Hi dev,
I have a problem which I couldn't figure out after through quest.
I have been trying to figure out the constantly the same error in my xml parser. I have following configuration and dealing with file(200MB-4GB) size:
- Python 2.7
- lxml 2.3.1
The problem I understand is there is mismatch in the XML Syntax (start and end). The file is too huge I can't look inside at particular line between 751969:438466. But I tried what a naive do using sed command (sed -n 751969p filename) for specific line.
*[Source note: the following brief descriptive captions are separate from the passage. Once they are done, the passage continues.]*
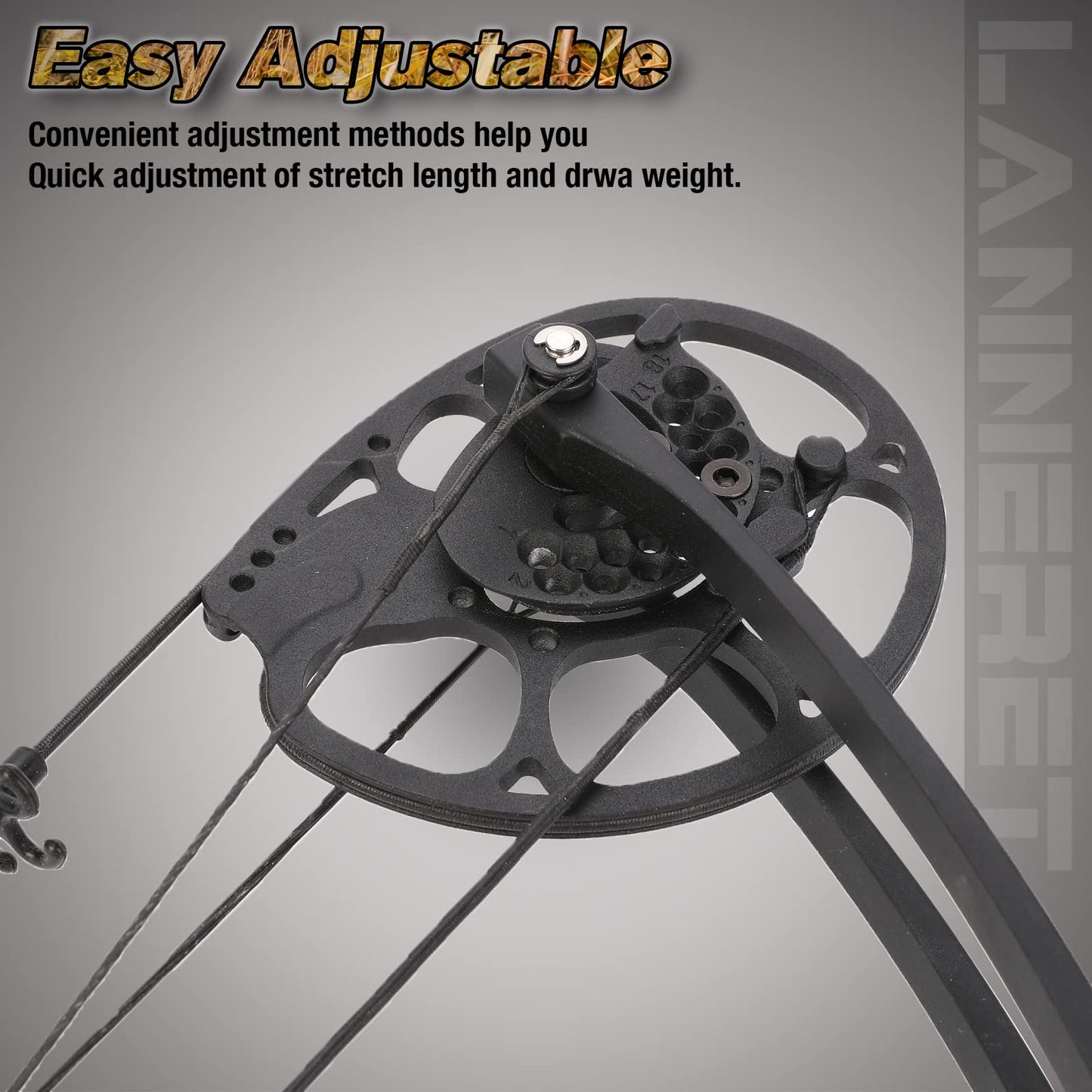 Lanneret Compound Bow and Archery Sets - Right Hand Archery Compound Bows 0-70 lbs Draw Weight Adjustable for Adults and Beginners，Hunting Bow Kit for Beginner Camouflage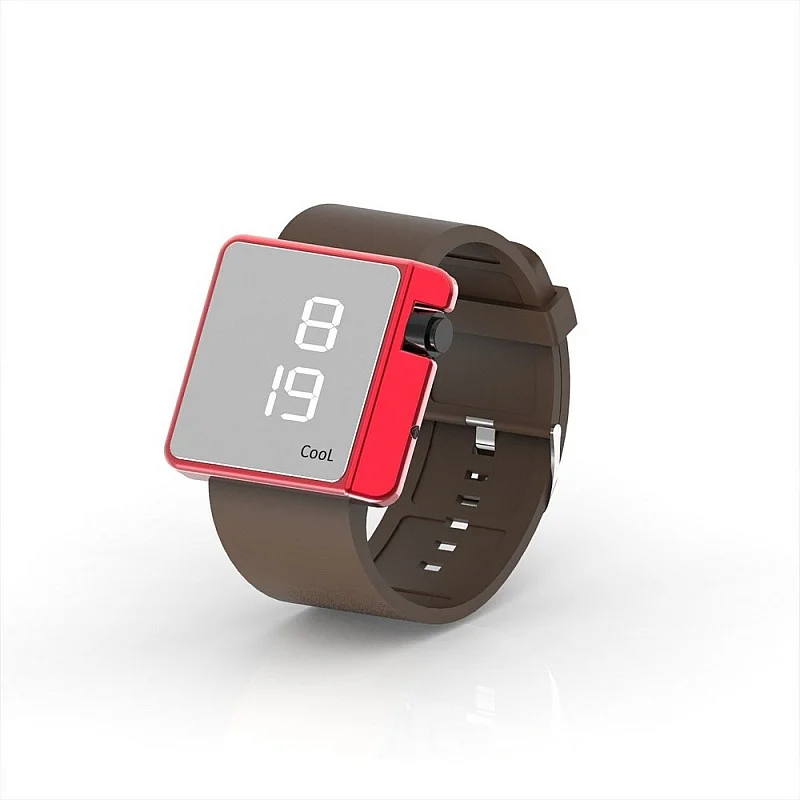 Cool Watch Saat - Kırmızı Edition - Kahverengi Kayış Unisex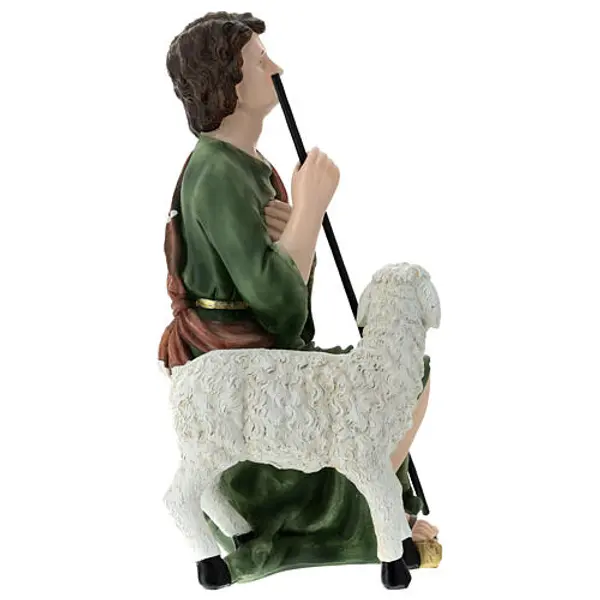 Berger 40x20x20 cm avec mouton et bâton fibre de verre pour crèche 60 cm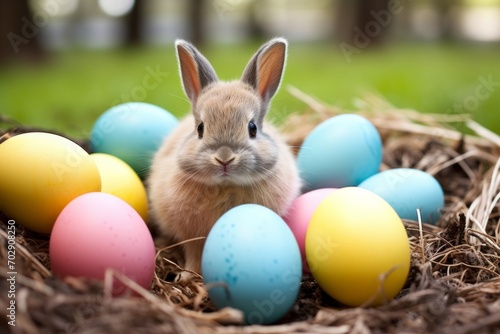 Happy Easter Bunny with many colorful easter eggs on the green grass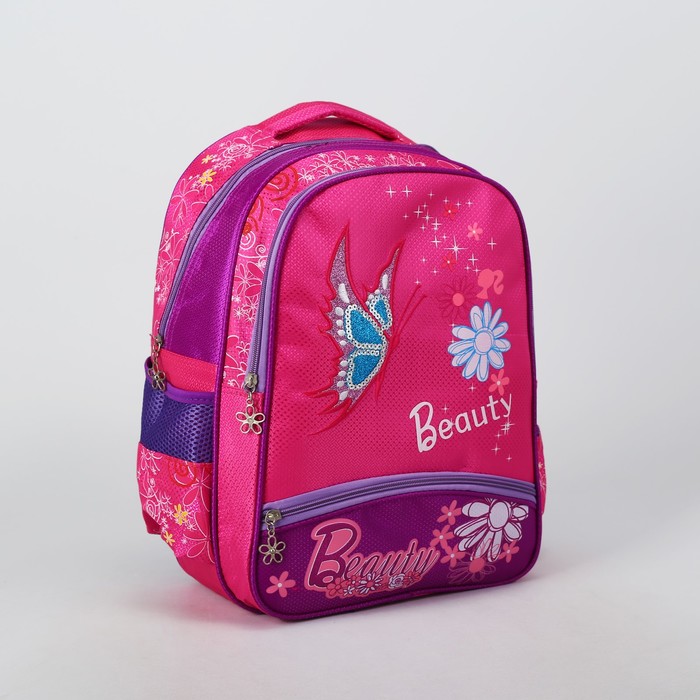 Рюкзак школьный "Сказка", 1 отдел, наружный карман, 2 боковые сетки, усиленная спинка, цвет малиновый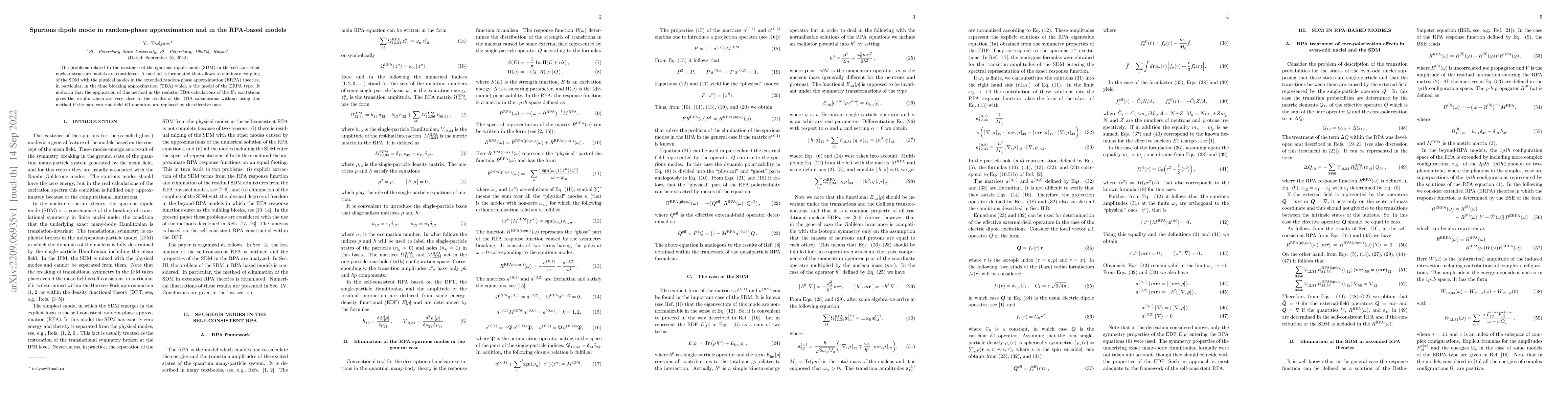 Thumbnail for Spurious dipole mode in random-phase approximation and in the RPA-based
  models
So here are specific line output 751969 and 438466. It clearly shows that element start and end is not matching. But, the problem is I can't open such a huge file and do editing manually.
Note: I have design the validator according to given schema and it shows the same problem.
Question
------------
- **So how can I get rid off from such a error while parsing in future?**
- **Or get get rid off from such an element which is not mandatory in parser?**
Error goes here
C:\Documents and Settings\****\Desktop>python example.py
(751969, 438466)
None
file:///D:/files/average.mzML:751969:438466:FATAL:PARSER:ERR_DOCUMENT_END: Extra content at the end of the document
Traceback (most recent call last):
File "MainPaser.py", line 330, in <module>
main()
File "MainPaser.py", line 322, in main
fast_iter(context, process_element)
File "MainPaser.py", line 24, in fast_iter
for event, elem in context:
File "iterparse.pxi", line 478, in lxml.etree.iterparse.__next__ (src/lxml\lxml.etree.c:98432)
File "iterparse.pxi", line 530, in lxml.etree.iterparse._read_more_events (src/lxml\lxml.etree.c:98953)
File "parser.pxi", line 590, in lxml.etree._raiseParseError (src/lxml\lxml.etree.c:74696)
lxml.etree.XMLSyntaxError: Extra content at the end of the document, line 751969, column 438466
Help me!!
I posted same question in a stack overflow